Related papers: Learning-Based Data Storage [Vision] (Technical Report)

Learning-Based Data Storage [Vision] (Technical Report)

URL: http://arxiv.org/abs/2206.05778v1
Date: Sun, 12 Jun 2022 16:14:16 GMT
Title: Learning-Based Data Storage [Vision] (Technical Report)
Authors: Xiang Lian, Xiaofei Zhang
Abstract summary: We envision a new paradigm of data storage, "DNN-as-a-Database", where data are encoded in well-trained machine learning models. In this paper, we propose this novel concept of learning-based data storage, which utilizes a learning structure called learning-based memory unit (LMU) Our preliminary experimental results show the feasibility of the learning-based data storage by achieving high (100%) accuracy of the DNN storage.
Score: 9.882820980833698
License: http://creativecommons.org/licenses/by-nc-nd/4.0/
Abstract: Deep neural network (DNN) and its variants have been extensively used for a wide spectrum of real applications such as image classification, face/speech recognition, fraud detection, and so on. In addition to many important machine learning tasks, as artificial networks emulating the way brain cells function, DNNs also show the capability of storing non-linear relationships between input and output data, which exhibits the potential of storing data via DNNs. We envision a new paradigm of data storage, "DNN-as-a-Database", where data are encoded in well-trained machine learning models.

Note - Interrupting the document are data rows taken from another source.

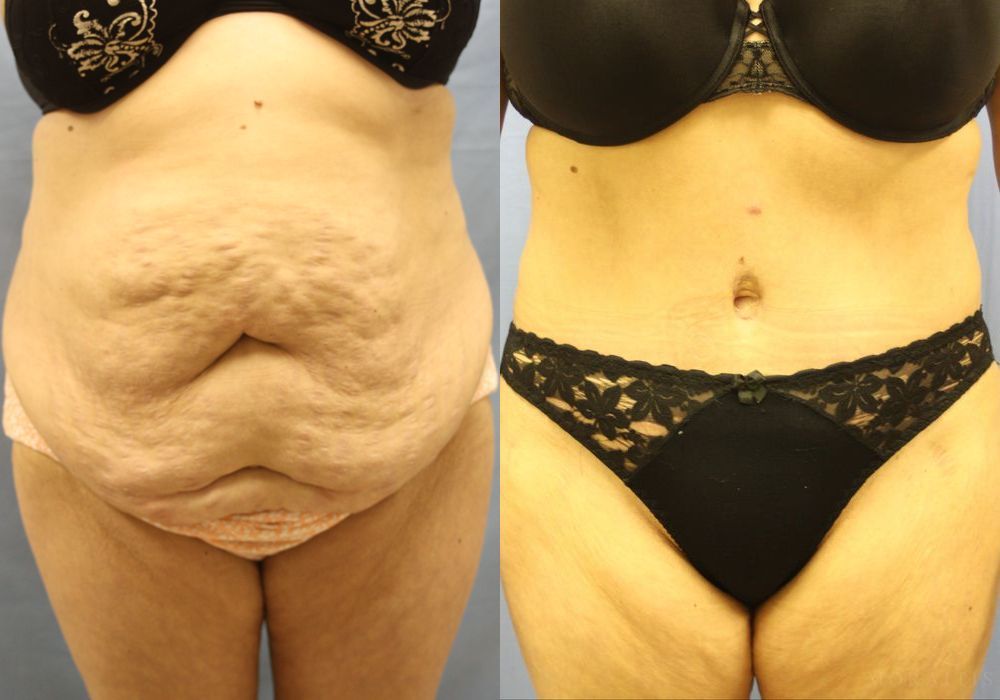 Tummy Tuck - Case 15342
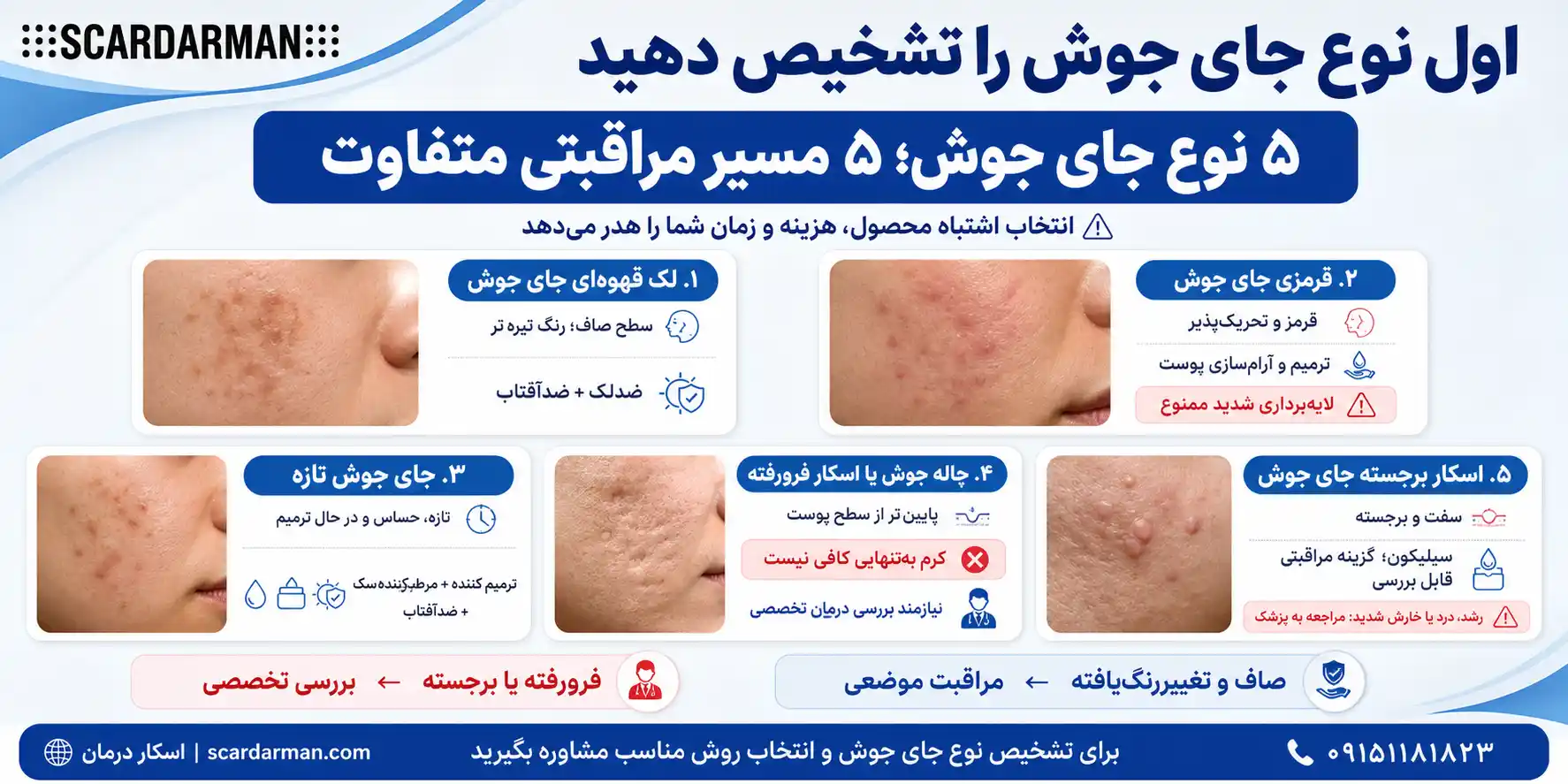 تشخیص انواع جای جوش صورت برای انتخاب محصول مناسب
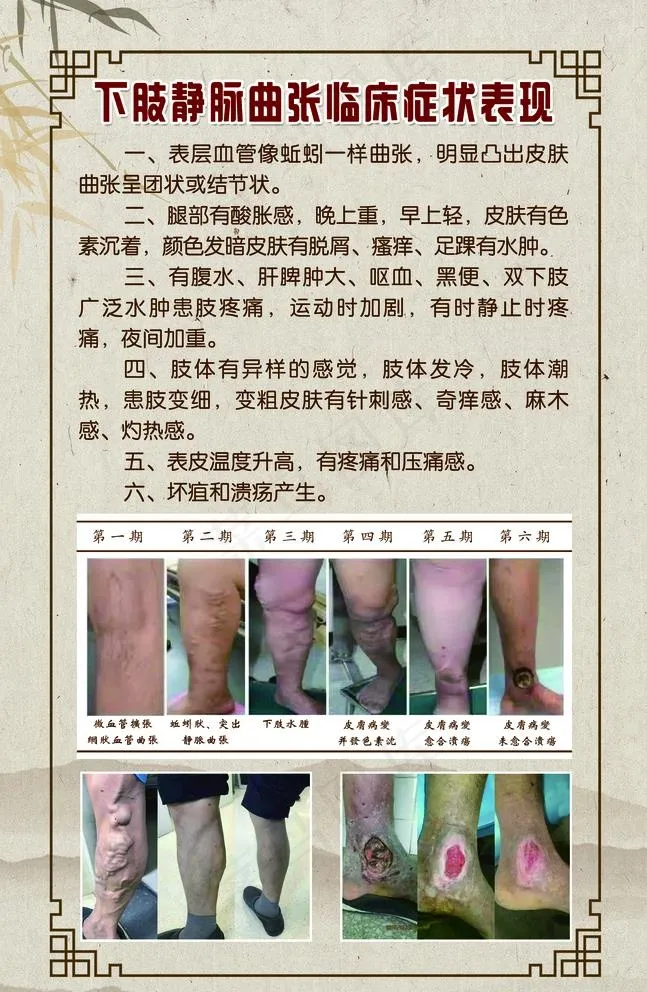 中医展板图片(2362X3740(DPI:50))psd模版下载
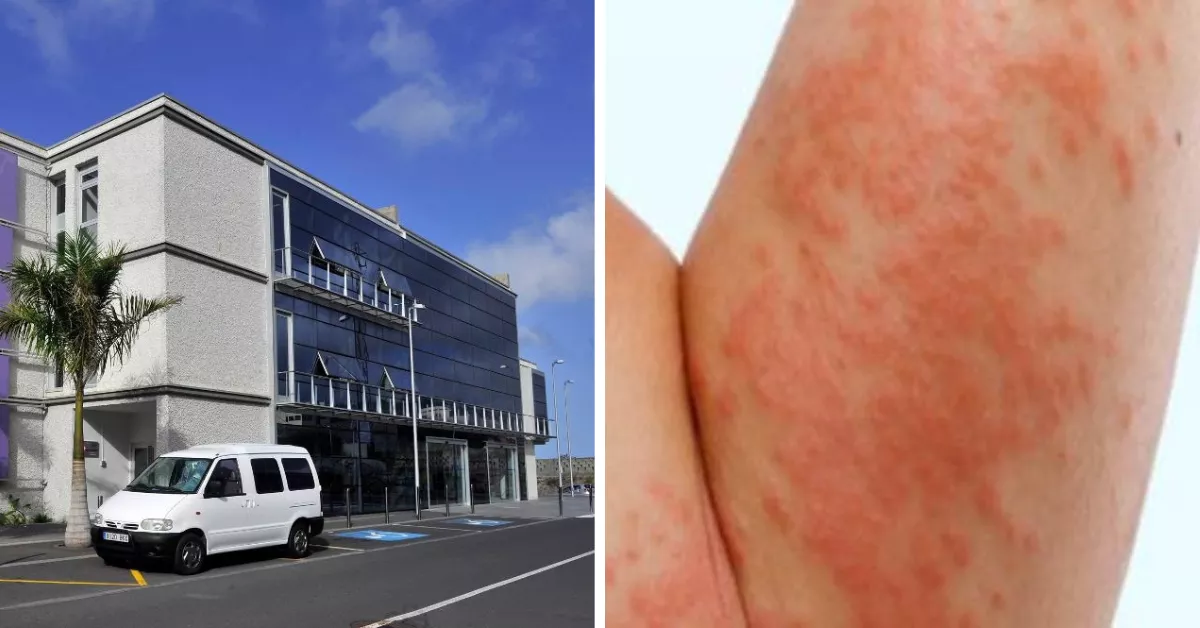 El Hospital La Santísima Trinidad de Icod de los Vinos, del IASS, y una imagen de archivo de un brazo infestado de sarna./ MONTAJE AH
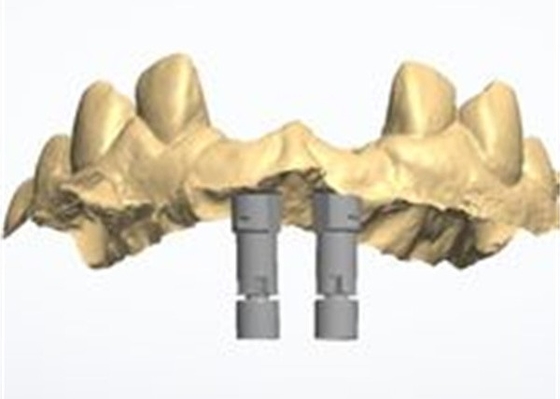 Conception CAD/CAM précise de couronne dentaire en zirconium pour l'ajustement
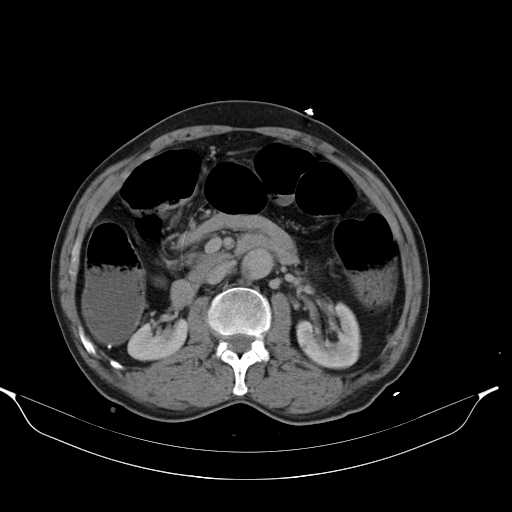 File:Aortic dissection- Stanford type A (Radiopaedia 22085-22085 Axial C+ delayed 22).jpg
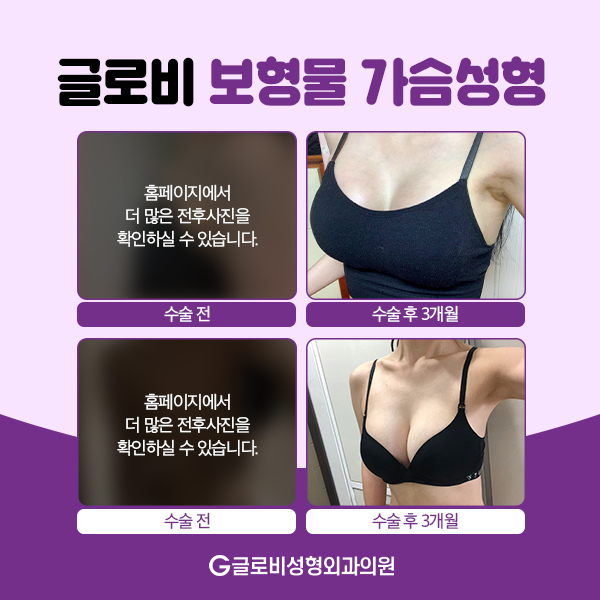모티바가슴성형 보형물에 대해 알아보자 관련 이미지 9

Compared with conventional data storage that directly records data in raw formats, learning-based structures (e.g., DNN) can implicitly encode data pairs of inputs and outputs and compute/materialize actual output data of different resolutions only if input data are provided. This new paradigm can greatly enhance the data security by allowing flexible data privacy settings on different levels, achieve low space consumption and fast computation with the acceleration of new hardware (e.g., Diffractive Neural Network and AI chips), and can be generalized to distributed DNN-based storage/computing. In this paper, we propose this novel concept of learning-based data storage, which utilizes a learning structure called learning-based memory unit (LMU), to store, organize, and retrieve data. As a case study, we use DNNs as the engine in the LMU, and study the data capacity and accuracy of the DNN-based data storage. Our preliminary experimental results show the feasibility of the learning-based data storage by achieving high (100%) accuracy of the DNN storage. We explore and design effective solutions to utilize the DNN-based data storage to manage and query relational tables. We discuss how to generalize our solutions to other data types (e.g., graphs) and environments such as distributed DNN storage/computing.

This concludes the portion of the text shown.